WHAT NEEDS TO BE DONE: Make an exact copy, from the records below, of the lines from the line containing "Building Photo - 11212 Katerina Dr S" to the line containing "Нападение на автобус.", both lines included, excluding pictures.

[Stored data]
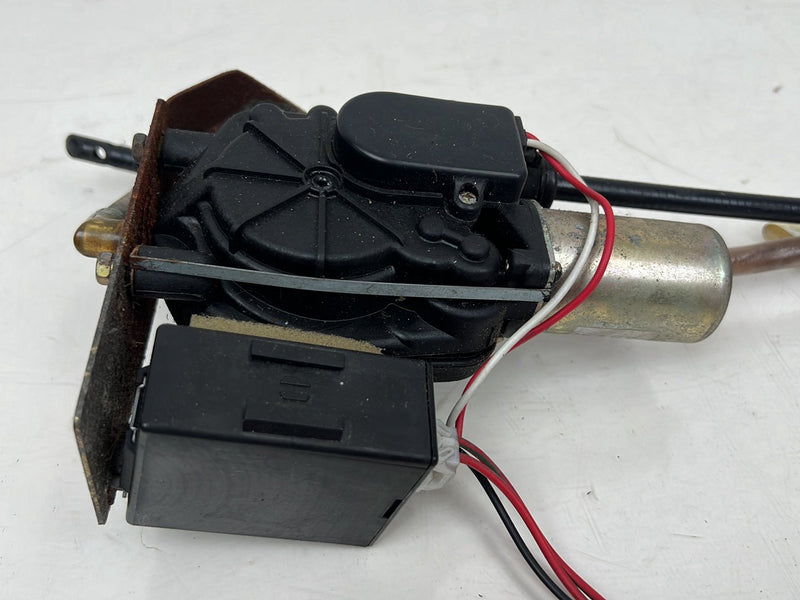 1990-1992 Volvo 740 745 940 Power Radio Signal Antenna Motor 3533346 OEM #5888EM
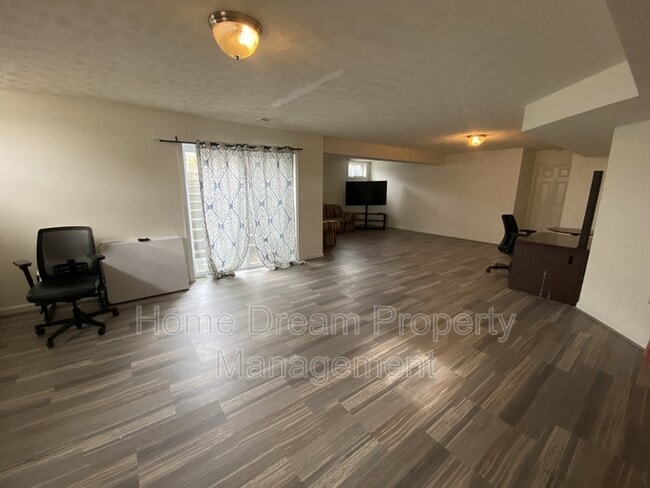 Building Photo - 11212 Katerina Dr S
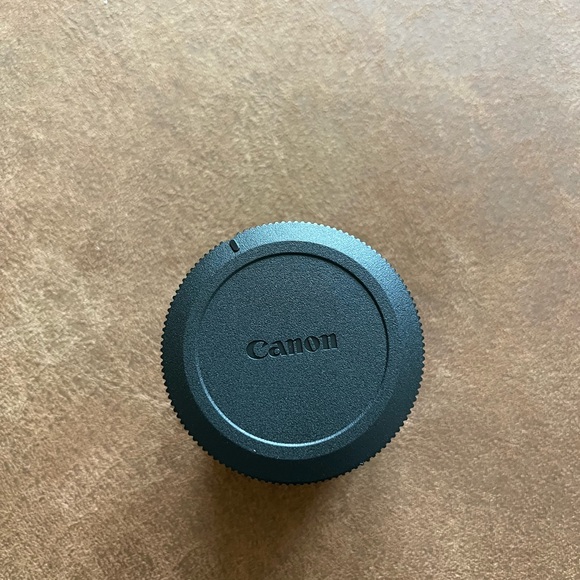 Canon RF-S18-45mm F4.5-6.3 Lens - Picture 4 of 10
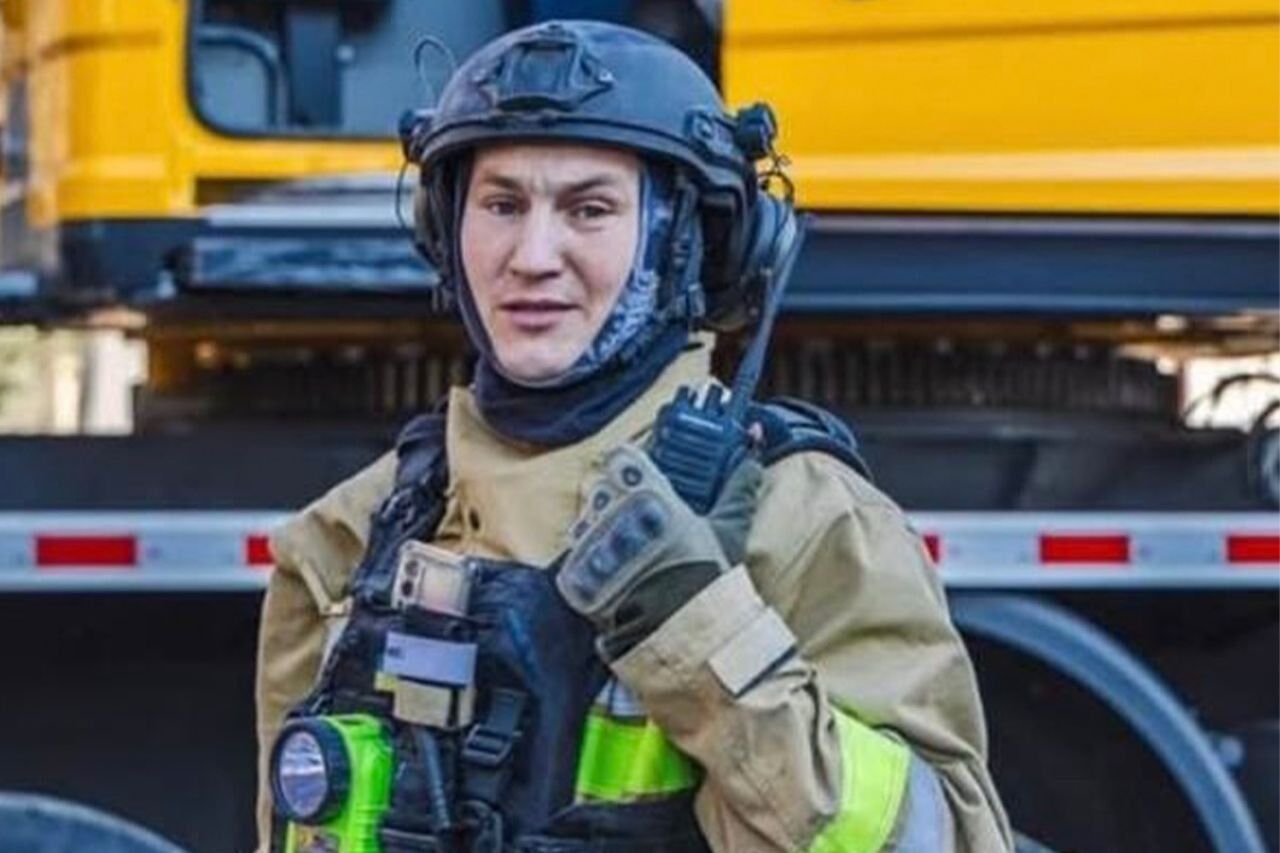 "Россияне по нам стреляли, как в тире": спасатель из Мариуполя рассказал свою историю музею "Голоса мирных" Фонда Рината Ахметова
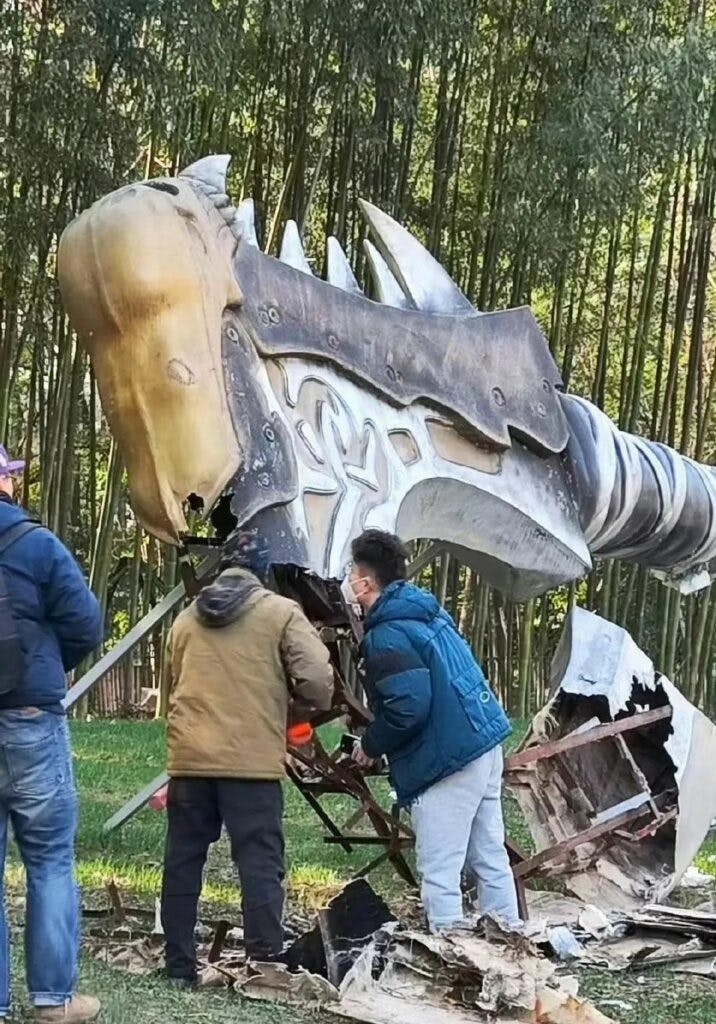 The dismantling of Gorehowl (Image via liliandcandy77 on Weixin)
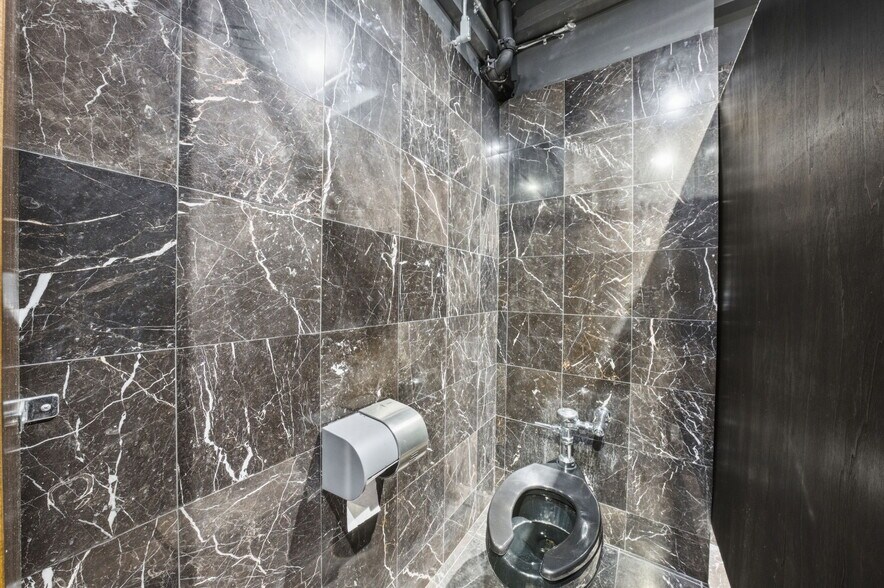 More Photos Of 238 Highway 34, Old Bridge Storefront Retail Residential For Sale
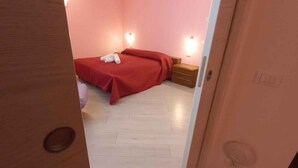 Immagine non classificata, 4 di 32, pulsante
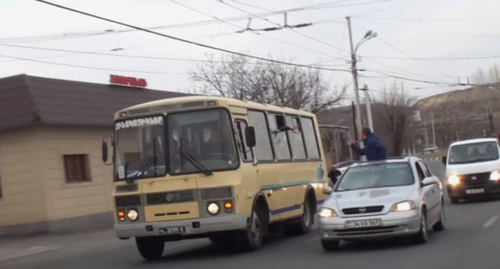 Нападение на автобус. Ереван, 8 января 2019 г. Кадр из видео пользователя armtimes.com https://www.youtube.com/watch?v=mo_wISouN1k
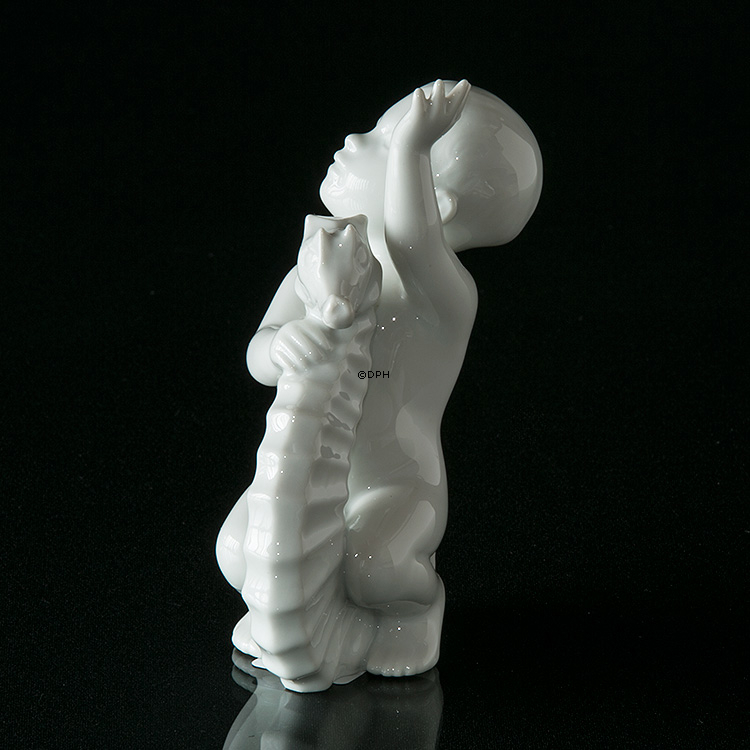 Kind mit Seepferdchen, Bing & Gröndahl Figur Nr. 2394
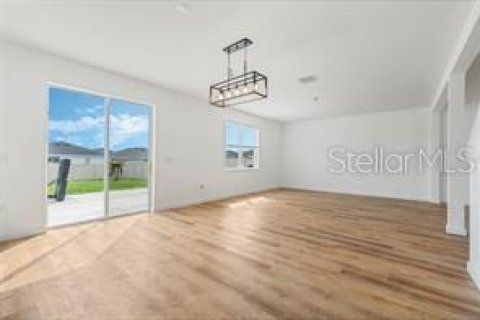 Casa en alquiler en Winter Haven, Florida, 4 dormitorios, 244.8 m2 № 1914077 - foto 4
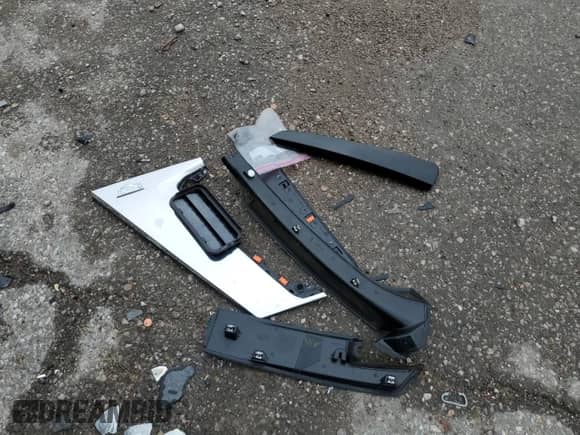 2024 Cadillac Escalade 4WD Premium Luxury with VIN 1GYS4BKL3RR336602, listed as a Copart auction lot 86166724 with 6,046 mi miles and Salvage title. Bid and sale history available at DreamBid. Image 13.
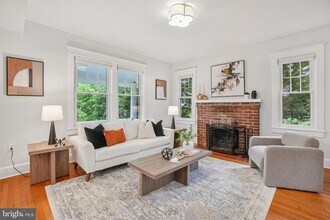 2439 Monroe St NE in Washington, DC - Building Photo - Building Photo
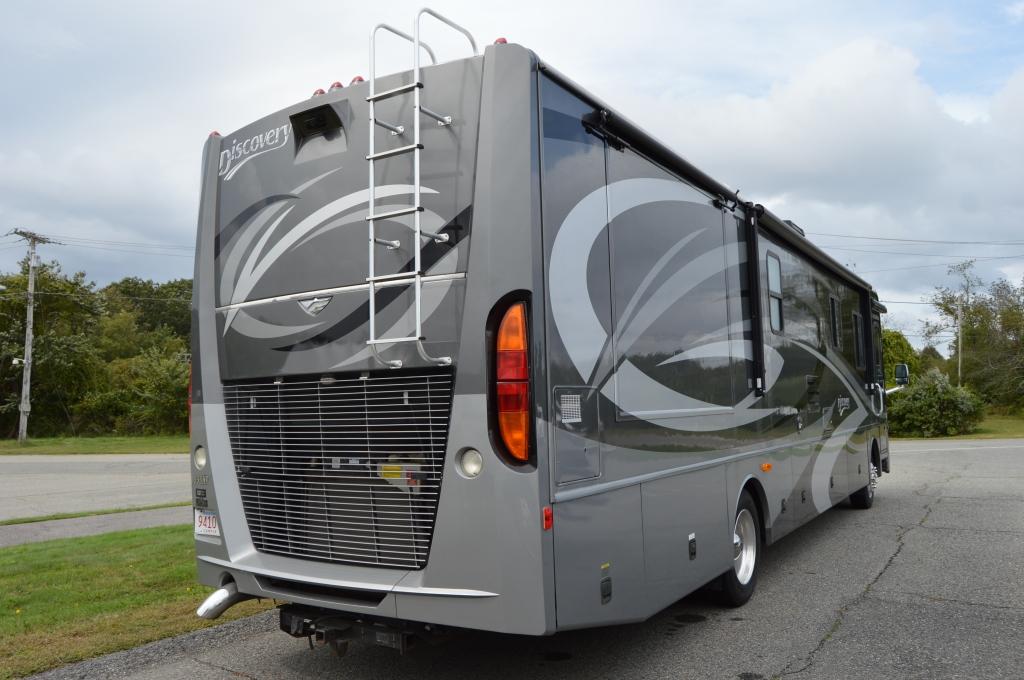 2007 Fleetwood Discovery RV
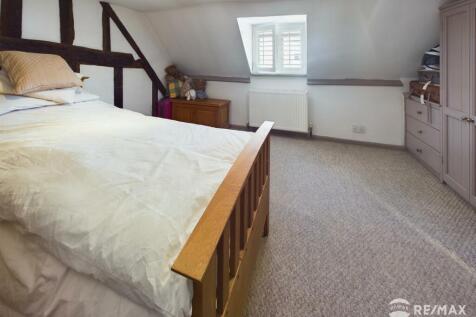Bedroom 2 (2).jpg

TASK ANSWER:
 Building Photo - 11212 Katerina Dr S
 Canon RF-S18-45mm F4.5-6.3 Lens - Picture 4 of 10
 "Россияне по нам стреляли, как в тире": спасатель из Мариуполя рассказал свою историю музею "Голоса мирных" Фонда Рината Ахметова
 The dismantling of Gorehowl (Image via liliandcandy77 on Weixin)
 More Photos Of 238 Highway 34, Old Bridge Storefront Retail Residential For Sale
 Immagine non classificata, 4 di 32, pulsante
 Нападение на автобус. Ереван, 8 января 2019 г. Кадр из видео пользователя armtimes.com https://www.youtube.com/watch?v=mo_wISouN1k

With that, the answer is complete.